How to Protect Yourself From Internet Scams
The Internet has brought many goods and services into our homes for our convenience and inconvenience. We all complain about unwanted E-mail in the form of spam.
When it comes to looking for that bargain, many of us have found ourselves searching the auction sites like eBay, and hosts of others that are open for business. It reminds me of the old fashion flee-market. Only now you don’t have to leave your home or chair to shop and buy all day long.
There are pit falls to this type of shopping, however. New rules to learn and new buyer beware tricks. You are not the only one using the auction sites to hunt down the perfect bargain. Con artists are using the same sites to hunt for their next mark, luring people off the sites, posting illegitimate ads, or sending spoof E-mails. Con artists are looking for people just like you.
10 Ways You Can Protect Your Wallet Before You Make That Next Great Buy Online:
- The Old Cliché, “If It Looks too Good It Is.” It’s as true today as it was years ago. A Too-cheap price probably means just that. Check retail prices at stores or look at price comparison sites for a realistic number. If it’s too cheap or the price is just unbelievable, say goodbye to your cash.
- Location of the Item. Many new con-artists list an item for sale here in the US, but after you have agreed on a price reveals that you must wire your money to an overseas location. Dealing with overseas sellers is risky and it can be tough for U.S. Law enforcement to prosecute international cases. Don’t send your money to addresses not listed in the original ad. Chances are you just donated your cash to an individual you will never hear from again.
- Go to This Site for a Better Deal. If a seller tells you that you can save money if you go to this new website……all the red flags should go up in your head. If they lure you away from the original auction site, you are being set up. Websites are put up and taken down quickly. These scams get your money quickly and leave no forwarding address.
- Escrow Watch. Avoid online escrow services that require you to set up accounts with online payment services. Escrow services are in the business of taking money and should be equipped to do so. If an online escrow service states that they comply with US Financial and Business Code, you know it’s a phony set up. There is no such code!
- Push Plastic. The safest way to pay is by using your credit card. Most credit card companies provide charge-back protections. Don’t do business with sellers who say they accept credit cards but later tell you that you must use your credit card to do a wire transfer. Wire transfers of this nature have no protection. The con-artist knows this and is literally banking on the fact that you don’t!

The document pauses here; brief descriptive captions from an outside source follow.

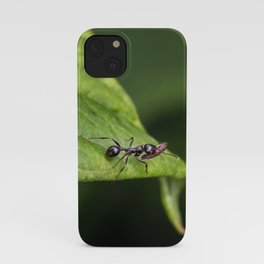 Planning for Winter iPhone Case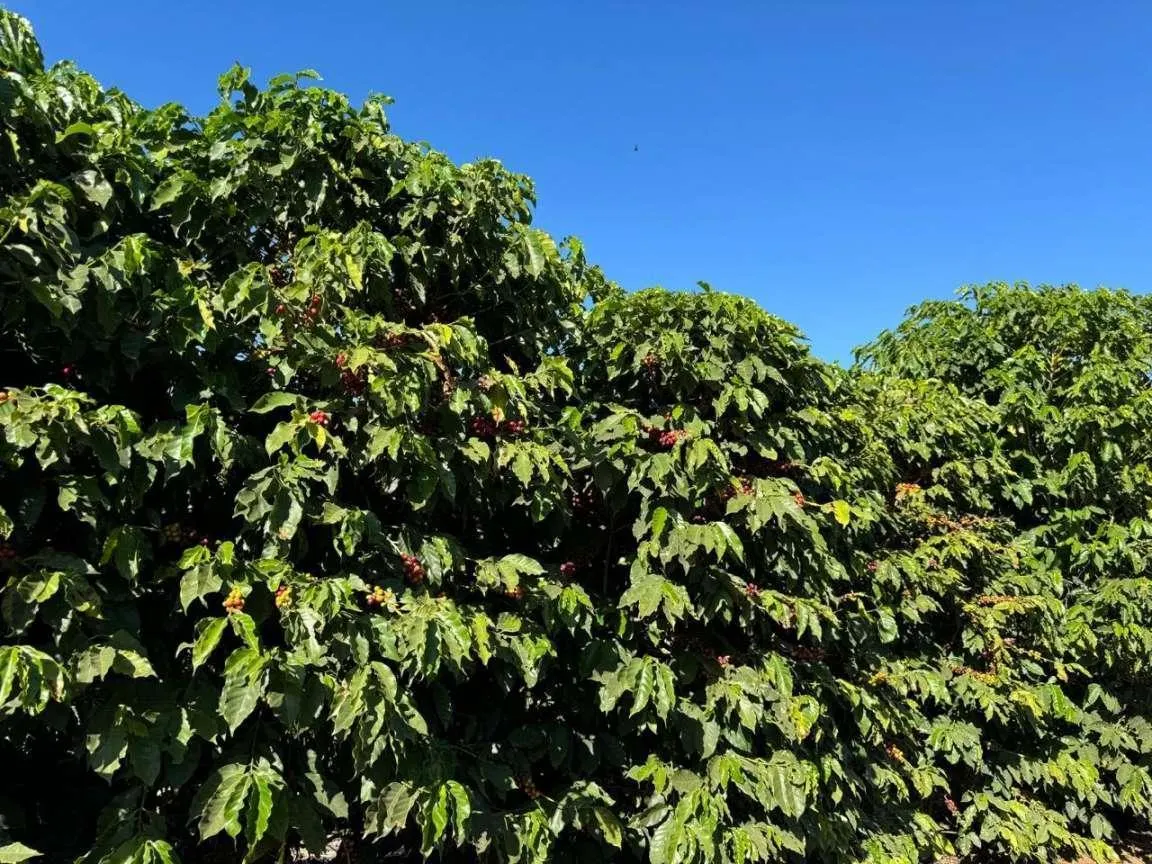Fazenda à venda de 402 ha em Caconde, SP, Brasil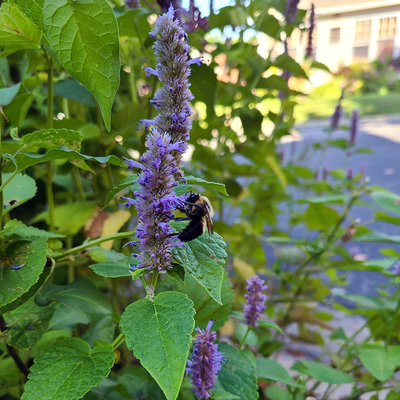 A bumble bee on an anise hyssop plant by the side of a road.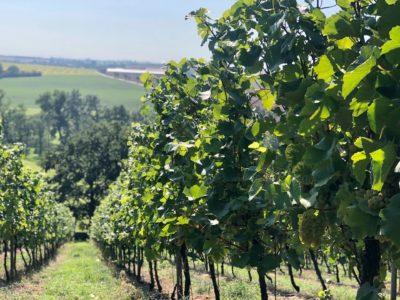 Weinhandwerk Meissen GmbH & Co. KG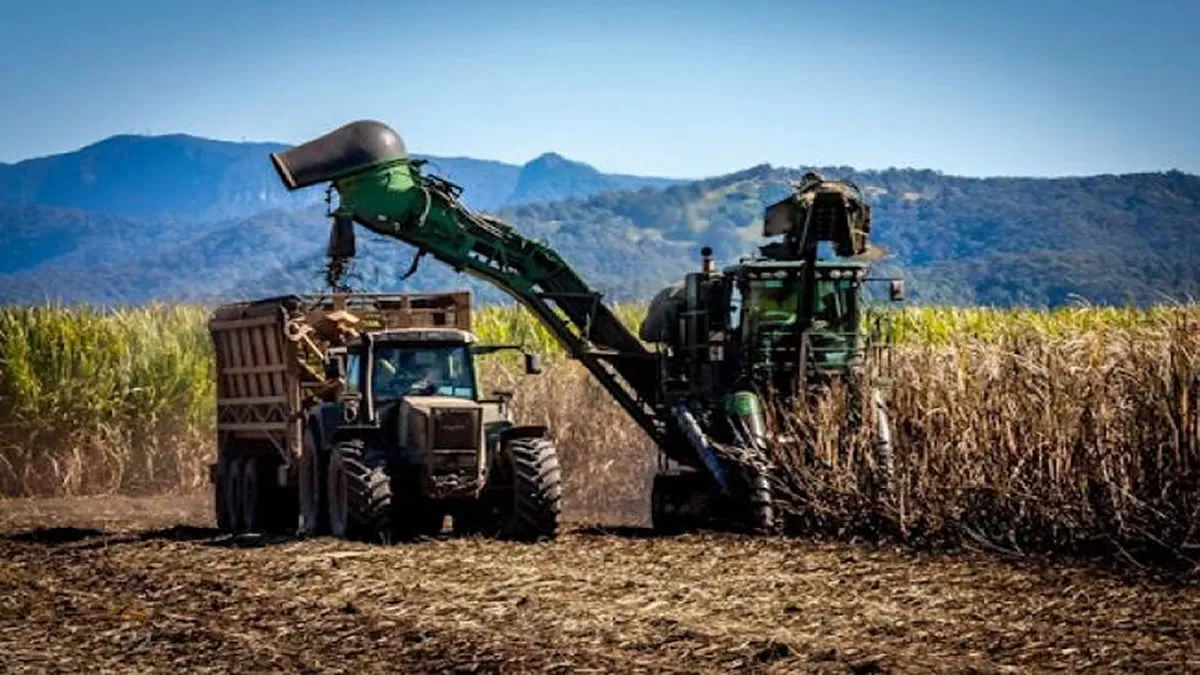 La zafra 2025 avanza: cifras de la producción regional.  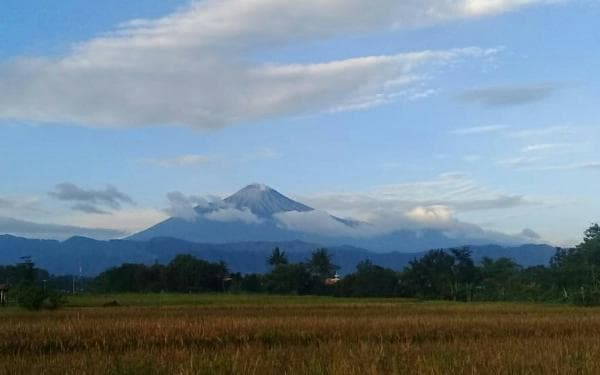 Berikut Sejumlah Objek Wisata Menarik di Pemalang untuk Dikunjungi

- Don’t Give out Personal Information. I know this sounds simple. But you’d be surprised how often you can be tricked into giving out information like your Social Security number, driver’s license, date of birth, etc. Most auction sites don’t need this information to process your credit card. If you are required to give this information out or you’ve been told the auction site will close youraccount…don’t buy it. You are being set up for identity fraud and could lose thousands of dollars before you stop the damage.
- Limit Your Exposure. It’s not such a bad idea to get a credit card with a low limit. Use this card only for online purchases and your losses will be limited (perhaps $2,000.00 instead of $15,000.00).
- Beware of a Competitive Bidder. That’s right. Many con artists pay a shill to bid up the price of an item. They want you to pay the highest price possible. This is not so different than a live auction. People find themselves becoming competitive and they keep bidding. Before they know it, they’ve paid double the price they would have if they’d bought the item anywhere else. If you are the highest bidder many auction sites will require you to follow through or you will be barred from bidding on that site again.
- E-mail or Call the Seller. Sounds simple enough. Many times when you call the phone number it’s disconnected or the E-mail comes back undeliverable. Both should be warning signs to you that you are dealing with a con artist. Just picking up the phone and dialing the number to ask questions could save you thousands of dollars.
- Print and Save Everything. Save everything! Print the seller’s identification number, the description of the item you’re purchasing, any e-mail correspondence that went back and forth between you, what you paid for the item and how you paid for it. Save everything concerning the transaction. You may need it if you are indeed a victim.
We hope you’re never a victim of online auction house crime, but if you are you should to report it to the Internet Fraud Complaint Center, http://www.ic3.gov/default.aspx. Your complaint will be forwarded to the appropriate law enforcement authorities.
If you want additional information on this topic you can get more tips from the Federal Trade Commission www.ftc.gov.